Macroremain records are largely dominated by woody taxa (trees and shrubs) because their plant tissues are better preserved in sediments than plant tissues of non-woody plants, which are mostly composed of cellulose [20], and because they are dispersed over longer distances. The attempts to calibrate the abundance of macroremains in terms of woody biomass demonstrate that such estimates may be affected by large uncertainty [21]. Nevertheless, phases characterized by low concentration (or absence) of macroremains near the treeline can indicate treeline shifts in response to climate changes [37], [38]. In such cases conserving low-influx samples for rarefaction analysis is advisable since they can have an ecological meaning in such environments.

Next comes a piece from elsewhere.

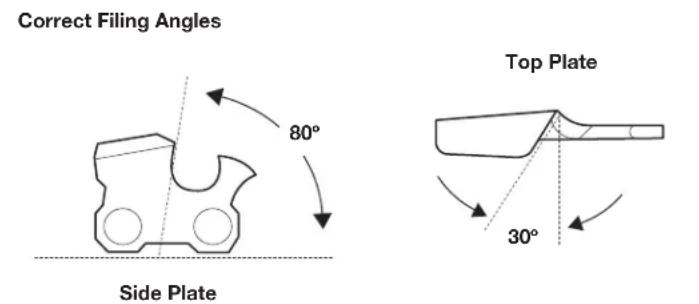 Correct Filing Angles 80° Side Plate Top Plate 30°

Consequently, to solve the problem of low-influxes, our approach involving the calculation of influxes at regular intervals while maintaining the dependency through the original samples (based on count and volume interpolation, [29]) allows the use of rarefaction on the macroremain record. Our results indicate that, at the study site, floristic richness increased gradually between 10,000 and 7,000 cal BP. Pollen and macroremain records indicate a decrease in relative abundances of shrubs and an increase in trees, pointing to a treeline shift, likely in response to the early Holocene temperature increase (e.g. [25], [39]). Shrub cover can constitute an important component of woody biomass in the subalpine belt [40], [41]. In such shrub-dominated ecosystems, floristic richness is lower than in adjacent conifer-forest stands [42] because shrub cover reduces tree productivity and recruitment [43]. The observed increasing floristic richness during the early Holocene at Lac de Fully may be related to the decrease in shrub cover that was associated with increasing tree cover. This gradual afforestation of the subalpine belt at Lac de Fully during the early Holocene, which contrasts with the more rapid afforestation at other sites in the Central Alps, can be interpreted as reflecting the effect of local climatic conditions. These may have delayed the expansion of closed stands of coniferous trees in the catchment of Lac de Fully until c. 8,200 cal. BP, when the climate shifted to more humid and less continental conditions [38].

Diversity indices such as E(T) include both taxonomic richness and evenness [44]. For both pollen and macroremain records evenness and richness follow similar trends (Fig. 1b vs 1c; 2b vs 2c), thus confirming the difficulty in distinguishing these two aspects of diversity [6], [16], [32]. However, from our data, we cannot rule out that ecosystems have a higher richness when all pollen and macroremain types co-dominate.

Conclusion

The present study shows that low-influx paleoecological proxy records (here macroremain records) can be used to reconstruct local scale woody diversity. This suggests the need for further research, including the development of diversity indices and their application for plant communities as described herein for the rarefaction index. Such studies could provide a unique opportunity to analyze precisely the spatial and temporal dynamics of biodiversity across different ecological gradients, including productivity [45] and elevation [24], [46]. Such reconstructions may also facilitate discussions about the long-term impacts of stresses (land-use, climate) or disturbances (e.g. fire, insect outbreaks, extreme climatic events) on the biodiversity of ecosystems and provide reference data for use in predicting relationships between environmental forcing, ecosystem functioning and biodiversity.